## What you need to do
The answer must be an exact reprint of the lines from the one with "Pandem Kodi 2 Movie Audio Launch 2" through the final line of the data, with no pictures included.

## Input data

[Start of section]

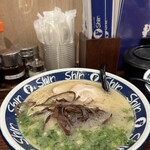 博多らーめん ShinShin KITTE博多店 - 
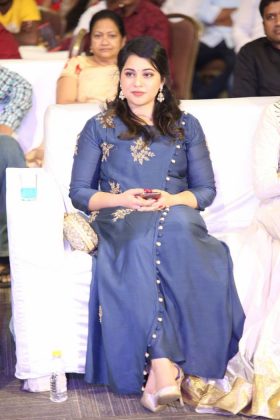 Pandem Kodi 2 Movie Audio Launch 2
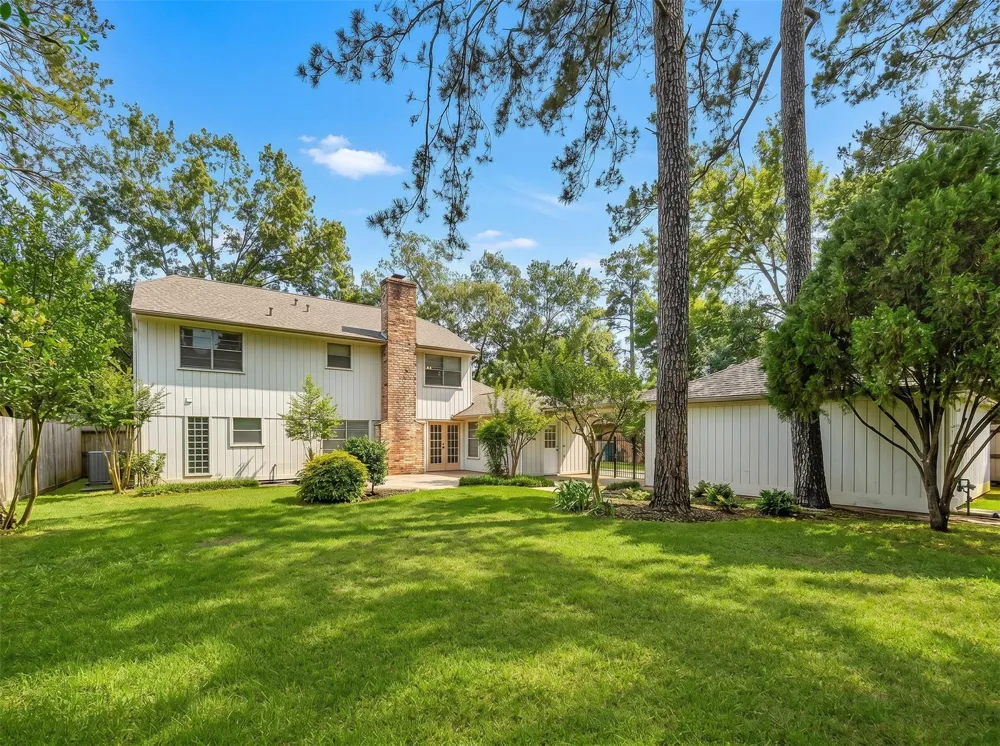 5702 Vestavia Drive Houston, TX 77069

[End of section]

## Response area
 Pandem Kodi 2 Movie Audio Launch 2
 5702 Vestavia Drive Houston, TX 77069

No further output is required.